═════ Task inputs ═════
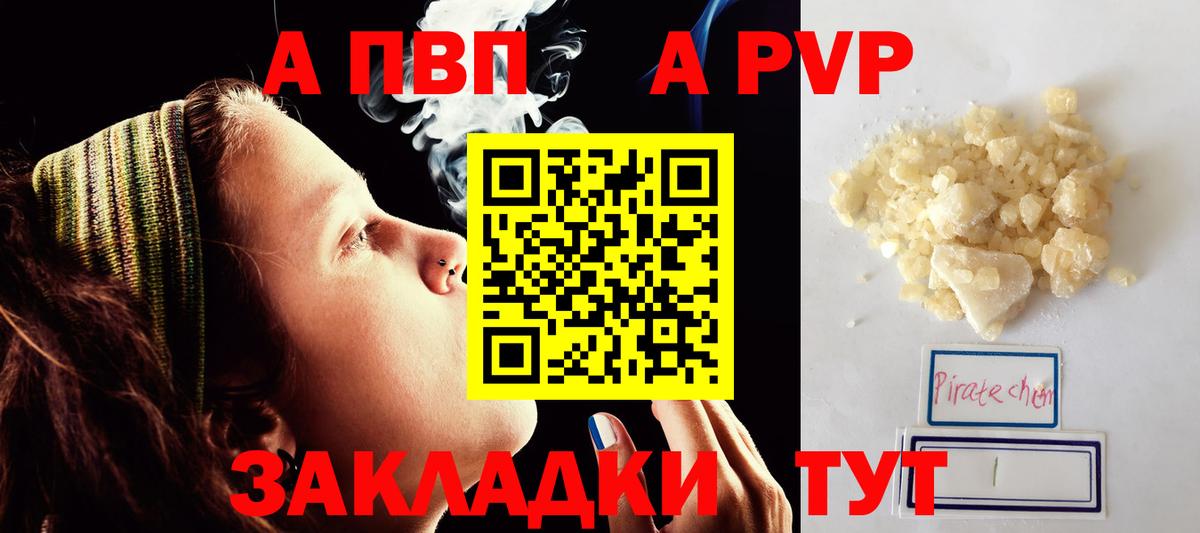 Альфа ПВП мука Южно-Сахалинск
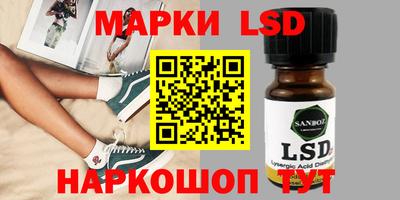 марки lsd Пыть-Ях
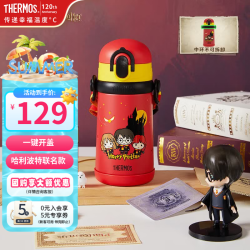 THERMOS 膳魔师 儿童保温杯哈利波特周边联名水杯喝水杯水壶大容量杯子 红色吸管杯 400ml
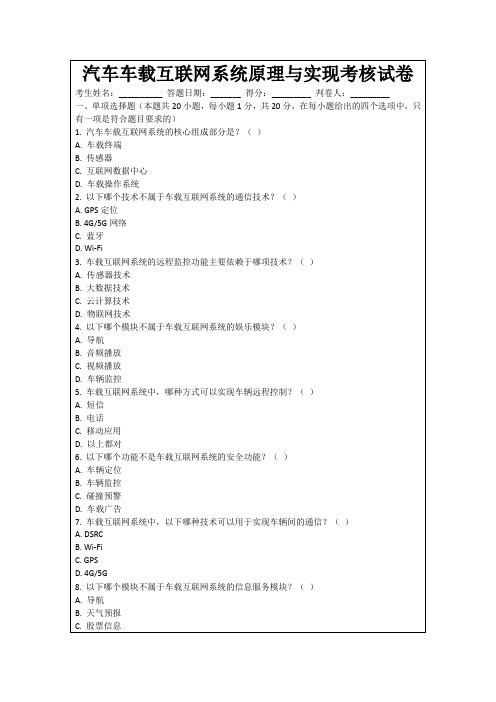 汽车车载互联网系统原理与实现考核试卷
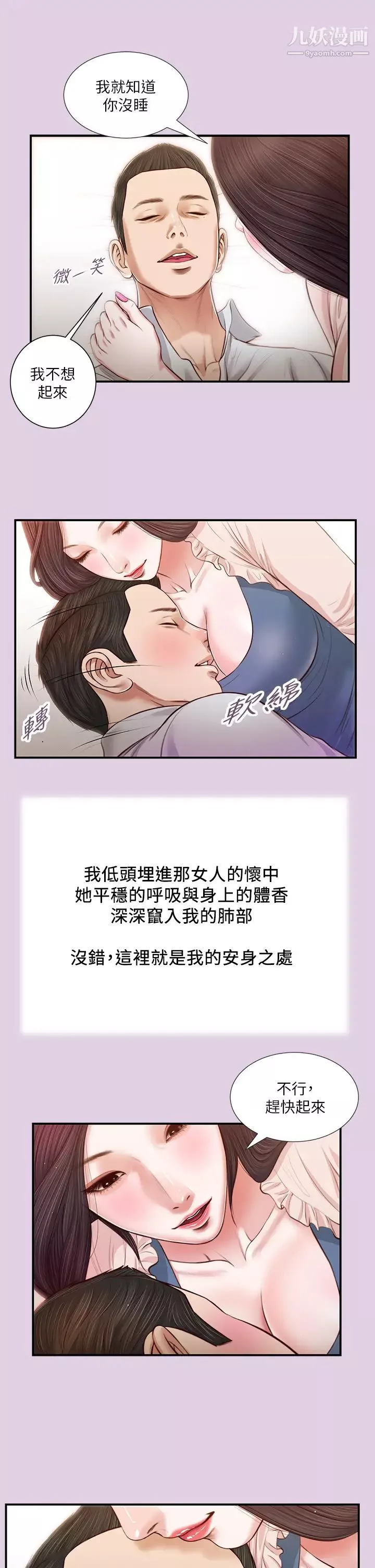 小妾-第68话-投入她温暖的怀抱 - 图片 23
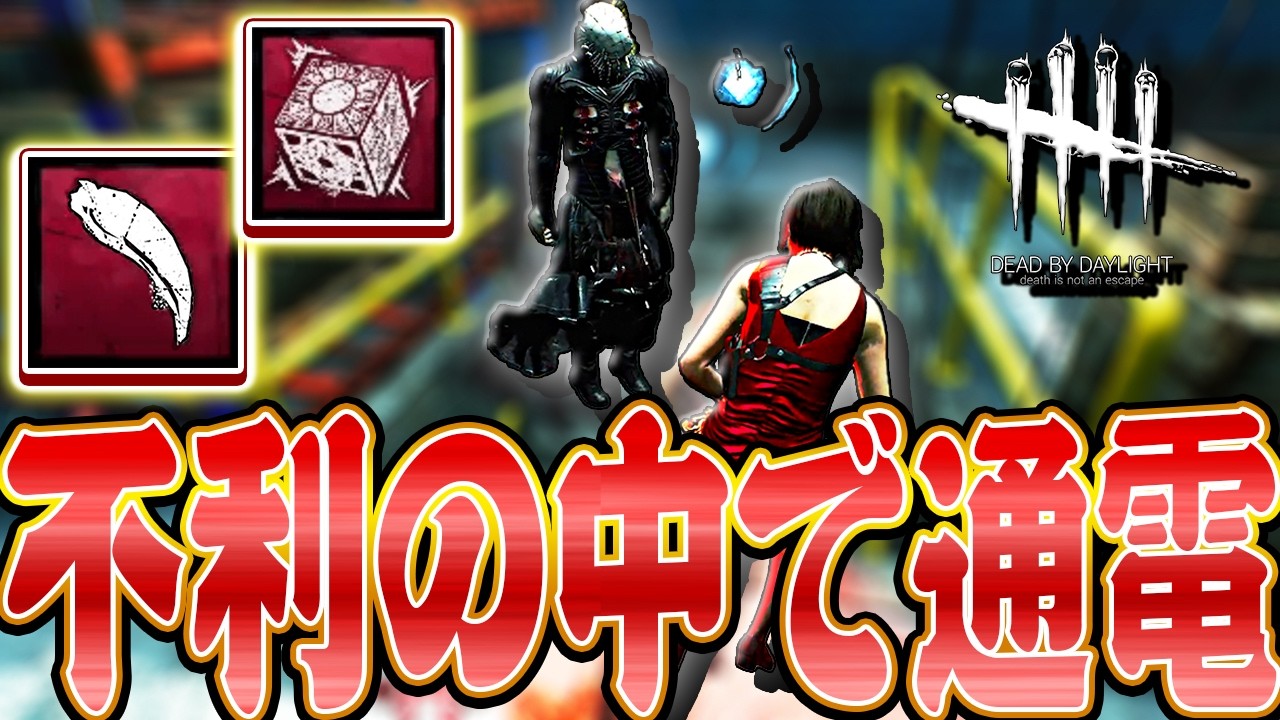 【DbD】サバ圧倒的不利の中通電までいく優秀野良サバとギデオンセノバイト戦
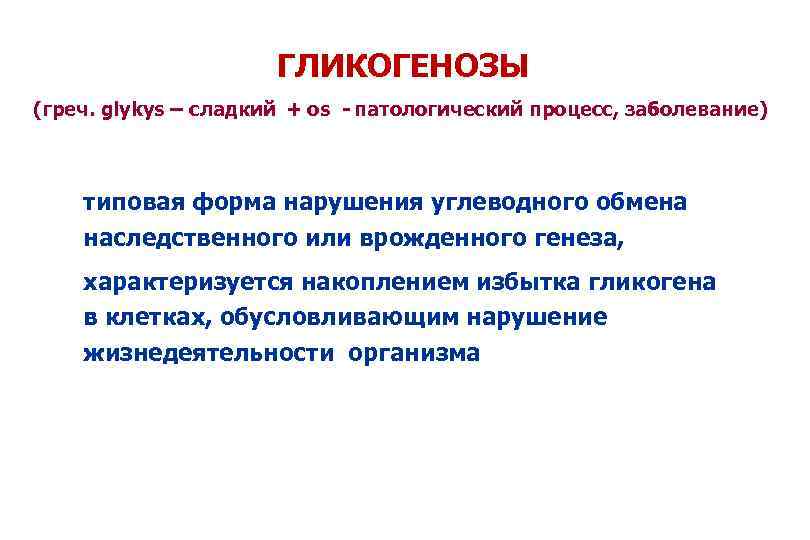 ГЛИКОГЕНОЗЫ (греч. glykys – сладкий + os - патологический процесс, заболевание) типовая форма нарушения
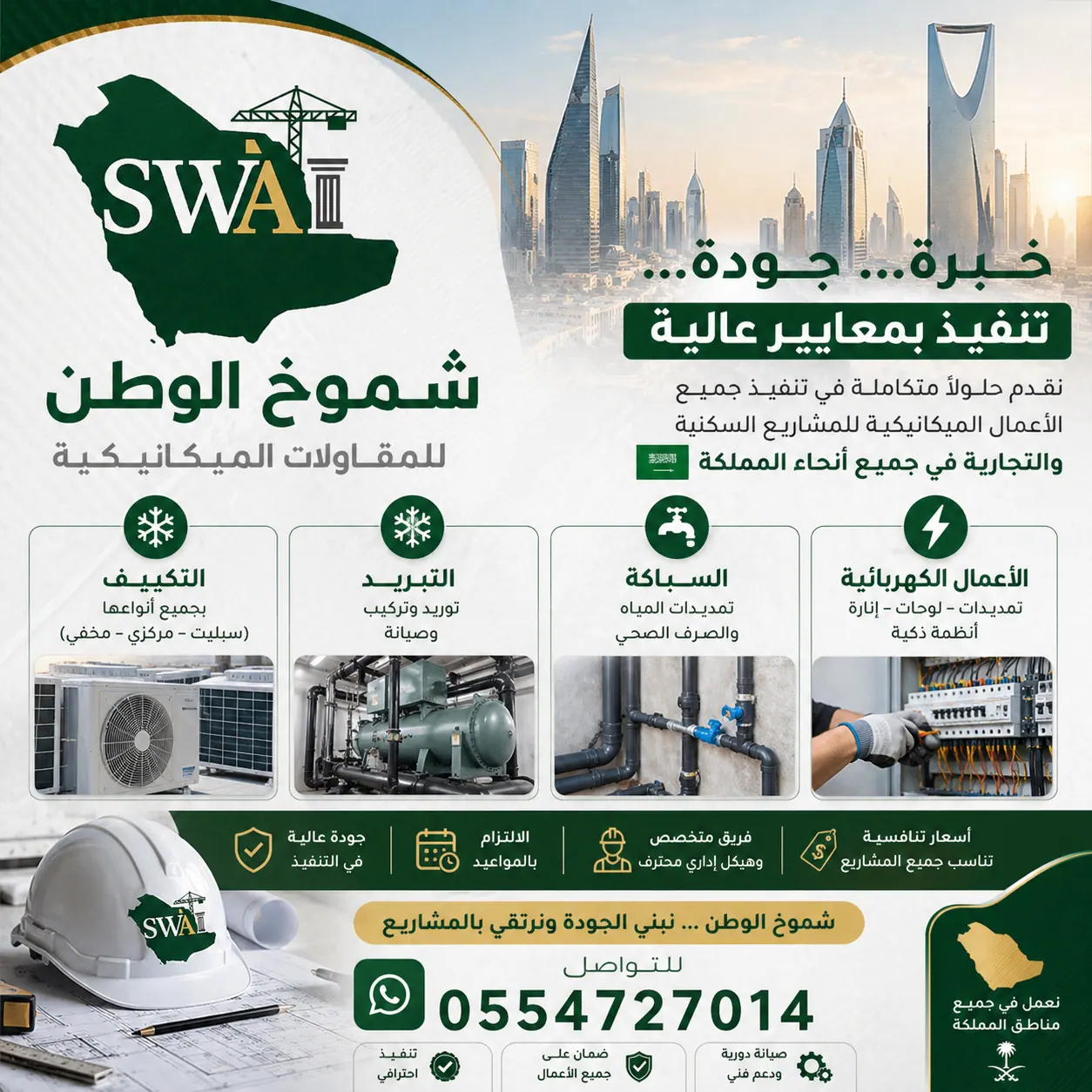 الرياض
═════
* _Your goal_:
Give back the lines from the one containing "THERMOS 膳魔师 儿童保温杯哈利波特周边联名水杯喝水杯水壶大容量杯子" through the last line of the records above exactly as they appear, both included, and no pictures.

* _Task response_:
 THERMOS 膳魔师 儿童保温杯哈利波特周边联名水杯喝水杯水壶大容量杯子 红色吸管杯 400ml
 汽车车载互联网系统原理与实现考核试卷
 小妾-第68话-投入她温暖的怀抱 - 图片 23
 【DbD】サバ圧倒的不利の中通電までいく優秀野良サバとギデオンセノバイト戦
 ГЛИКОГЕНОЗЫ (греч. glykys – сладкий + os - патологический процесс, заболевание) типовая форма нарушения
 الرياض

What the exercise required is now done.